[Saved data entries]
=-=-=

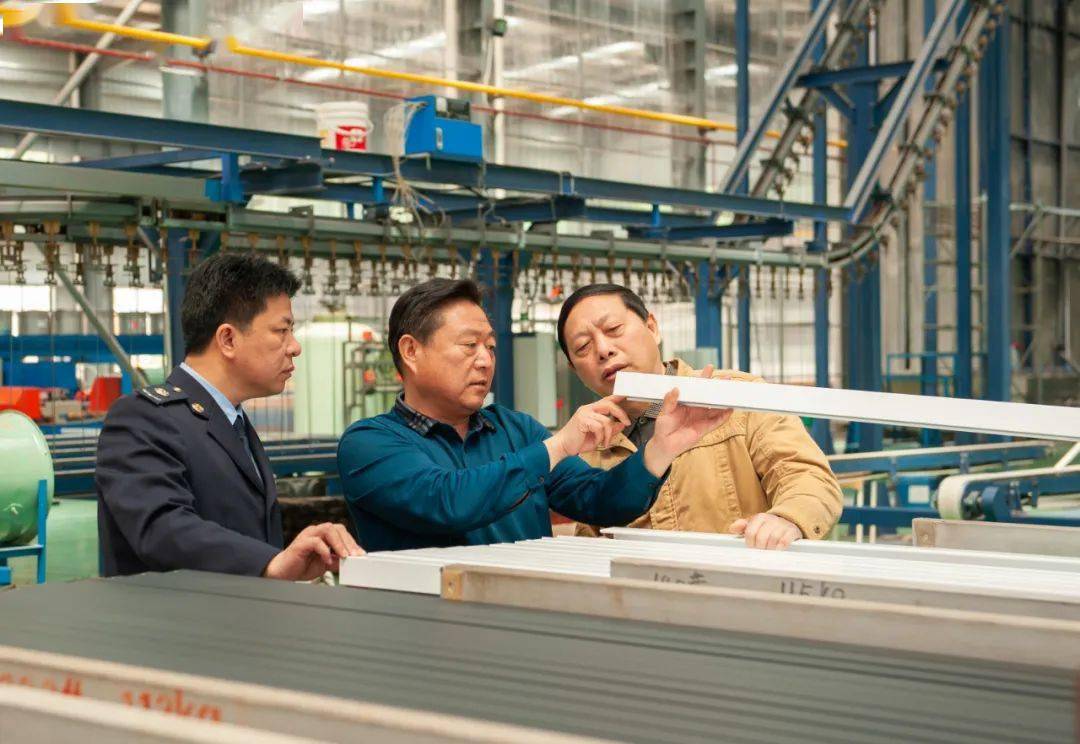 怎样让减税降费精准落实？税务部门这些工作方法很给力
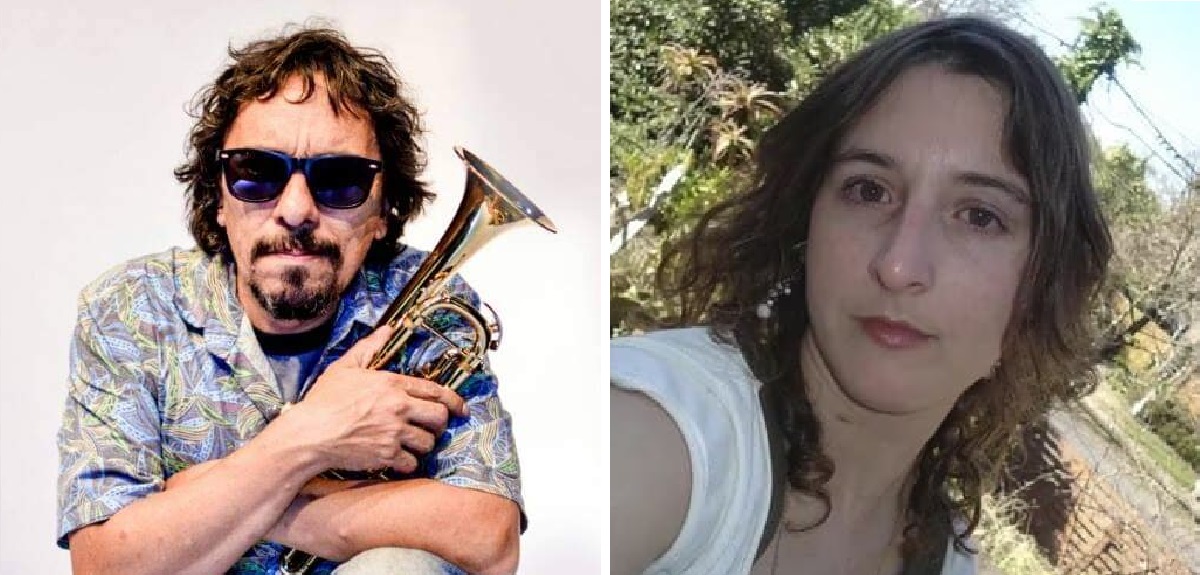 Mató a su marido y le cortó los genitales: mujer detenida en Argentina fue delatada por su hermana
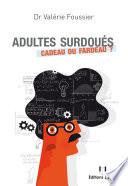 Adultes surdoués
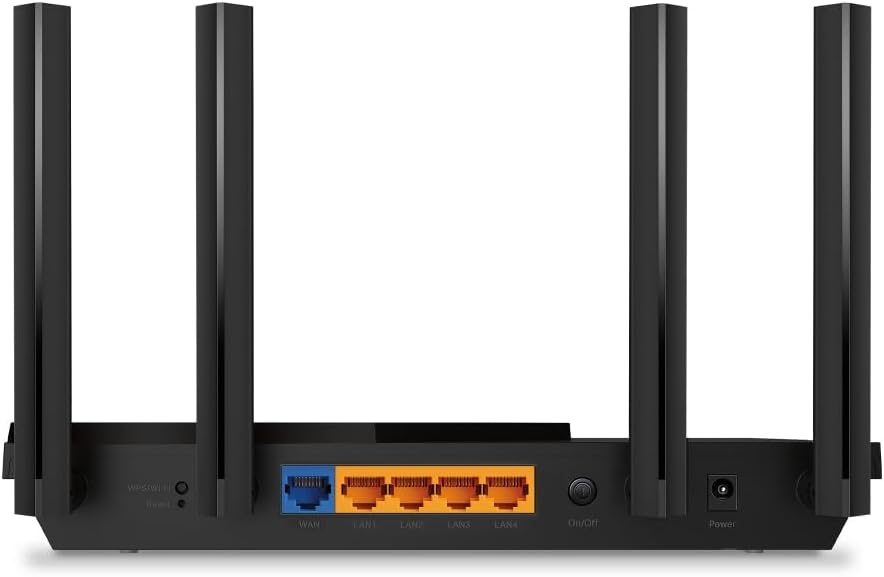 Wi-Fi 6 on a Budget: Entry Routers and Mesh for ISP Plans Under 1Gbps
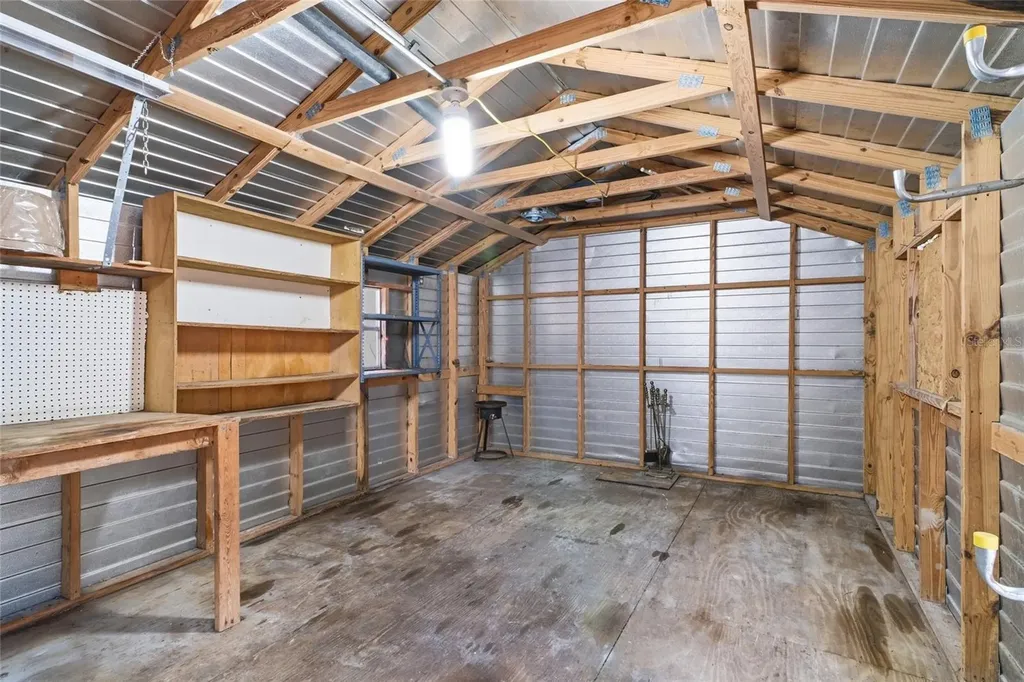 13401 Palm Drive Astatula FL 34705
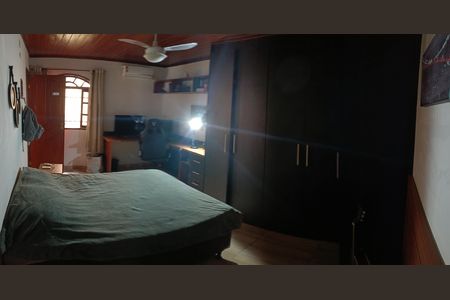 Casa para alugar com 334m², 5 quartos e 3 vagas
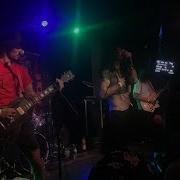 SeeYouSpaceCowboy Full Set Live Including Bloodstainedeyes Ft IIDF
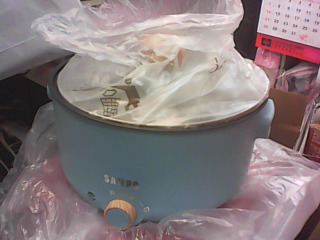商品照片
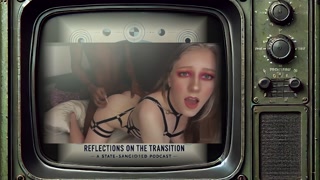 Thumbnail at 0:32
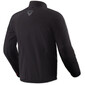 Giacca Highcrest H2O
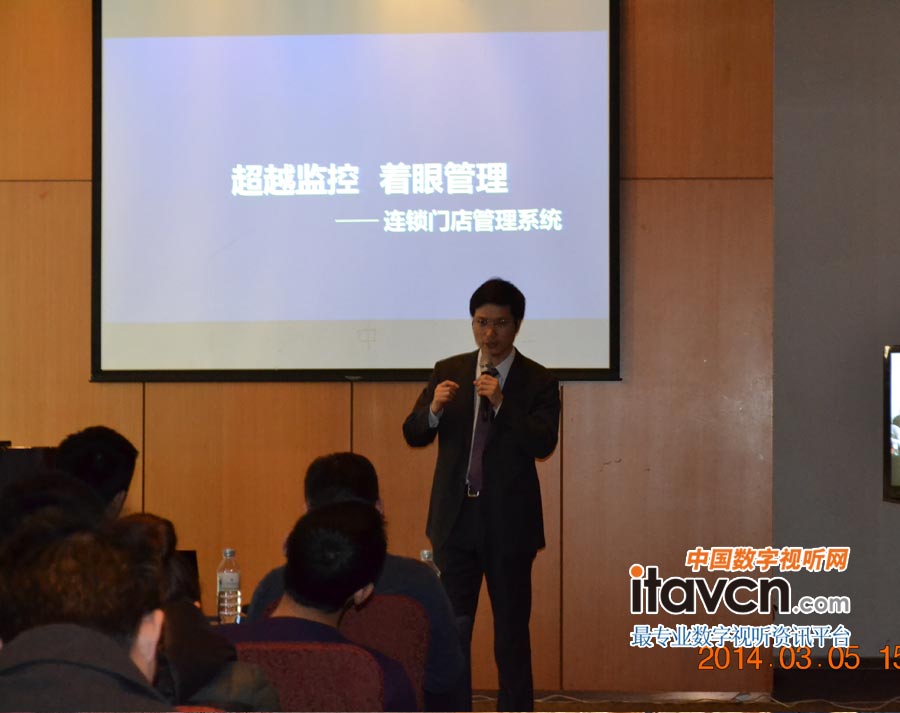 ���_(d��)�����ˆTԔ��Ħ��ҕӍϵ�y(t��ng)��(y��u)�ݼ���(y��ng)��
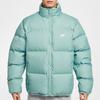 Nike Sportswear Club Therma FIT Down Jacket Men's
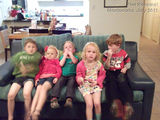 Filename=Oz_2011_July_Oz_067.jpg
Filesize=162KiB
Dimensions=800x600
Date added=Aug 30, 2011 Oz_2011_July_Oz_067.jpg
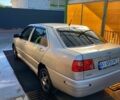 Білий Сітроен С4, об'ємом двигуна 1.2 л та пробігом 95 тис. км за 8700 $, фото 7 на Automoto.ua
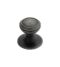 CARLISLE BRASS DK47CPT FTD DELAMAIN PLAIN KNOB 30MM 38 ( 31 )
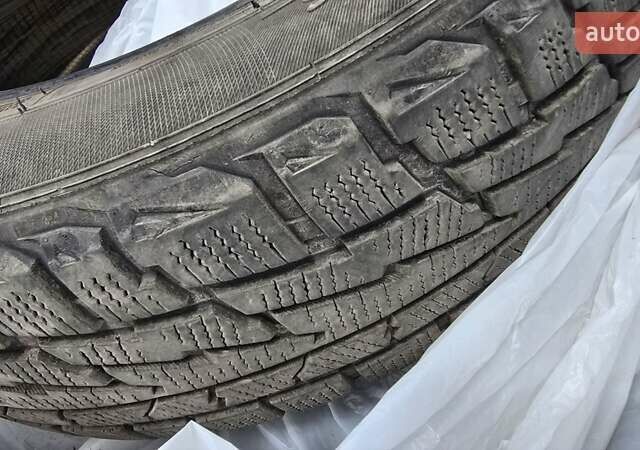 Белый Киа Сид, объемом двигателя 1.4 л и пробегом 196 тыс. км за 9400 $, фото 29 на Automoto.ua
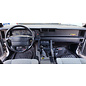 Vintage Air 88-92 Camaro with Factory Air Gen5 SureFit™ Complete Kit - 965707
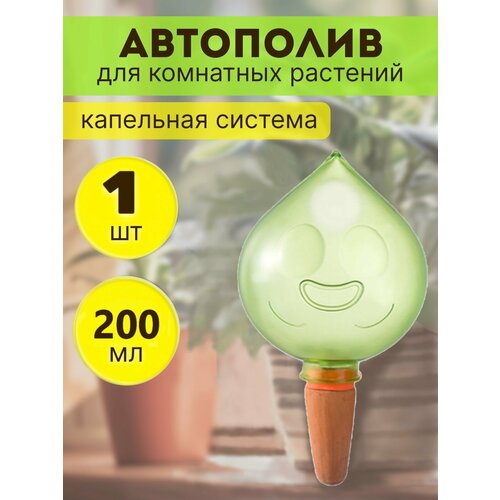 ���� ��������� ��������� ��������, ������, ��������� �����, ����� ��������� ���� �������, ������ �� 330 ���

=-=-=

* [Task brief] Can the lines from the one with "Vintage Air 88-92" to the end of the records above be quoted exactly, both ends included, with every picture omitted?

* [Result of this task]
 Vintage Air 88-92 Camaro with Factory Air Gen5 SureFit™ Complete Kit - 965707
 ���� ��������� ��������� ��������, ������, ��������� �����, ����� ��������� ���� �������, ������ �� 330 ���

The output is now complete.